Américo Souza: Futuro do pretérito ou o tempo de silenciar panelas

Por *Américo Souza

Controle Social - Reprodução

Como homem, branco, heterossexual, com mais de 40 anos, egresso de escola particular, que não precisou de cotas para ingressar na universidade pública, entre outros “méritos”, eu deveria estar contente com o “novo Brasil”, nascido a fórceps na manhã do dia 12 de maio. Não estou. Não estou, pois sei, por experiência própria e dever de ofício, que é este o perfil de quem há séculos promove a misoginia, o racismo, a homofobia, a corrupção e a exclusão social neste país, e quanto de esforço precisamos eu e outros tantos (uns tantos poucos, importa dizer) para romper com esta programação perversa com a qual fomos escolarizados.

Por isso mesmo, vejo as ações do governo Temer conjugadas no futuro do pretérito, figura de tempo que, diferentemente do sentido que possui na linguística, pode ser definida como a construção do futuro pela apropriação de práticas e valores do passado. No curso da história, entusiastas do futuro do pretérito já conceberam como moderna a escravidão, que havia sido abolida na Idade Média, retomando-a como instrumento para desenvolvimento da Europa e “civilização” da América, na Idade Moderna.

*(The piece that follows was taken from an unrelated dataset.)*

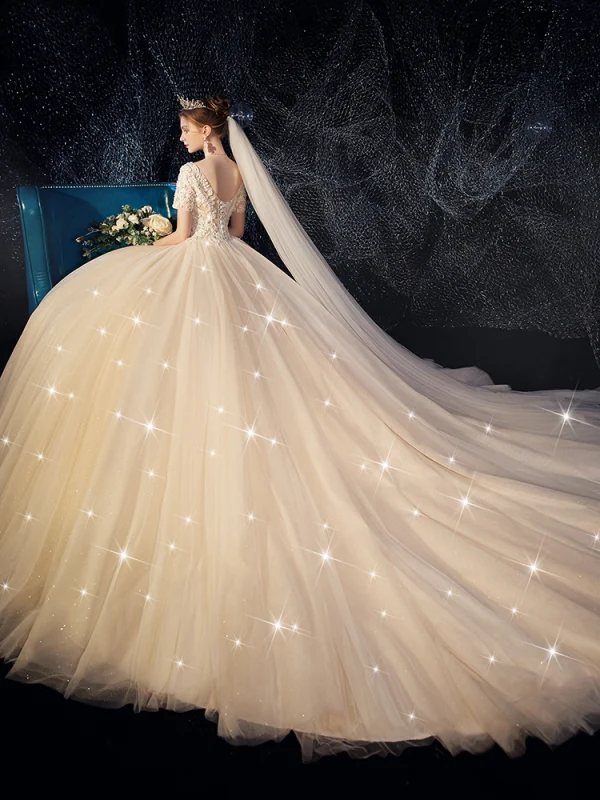 High-end Champagne Bröllopsklänningar 2019 Prinsessa V-Hals Beading Paljetter Spets Blomma Korta ärm Halterneck Cathedral Train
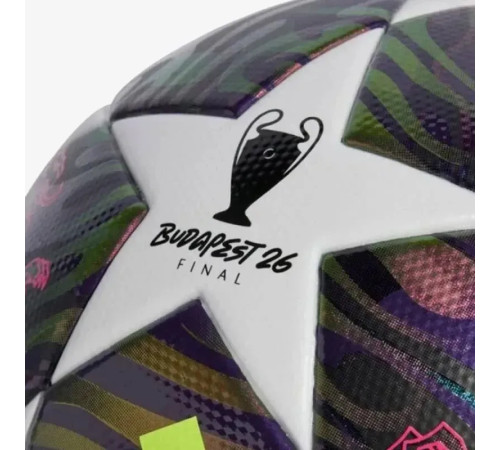 Футбольний м'яч Adidas UCL League BOX 2026 Budapest розмір 5, біло-фіолетовий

No Brasil de hoje, delegam às mulheres o lugar de esposas (seres sem política, recatadas e do lar), buscam derrubar as normas que asseguram percentuais mínimos para o financiamento da educação e da saúde e, como coroamento de tudo, rejeitam as políticas culturais como parte da estrutura do Estado, recriando valores e práticas da República Velha, oligárquica e opressora, com o objetivo magnânimo e impoluto (acredite quem quiser) de promover o desenvolvimento econômico e combater a corrupção.

O passado recriando o futuro. É tempo para silenciar panelas e desligar os trios elétricos das “cívicas micaretas”, pois nele a elite branca pode, enfim, dormir em paz, embalada pelos versos ufanistas de Dom e Ravel, e acordar bradando seus velhos e carcomidos slogans: Ninguém segura este país! Brasil ame-o, ou deixe-o!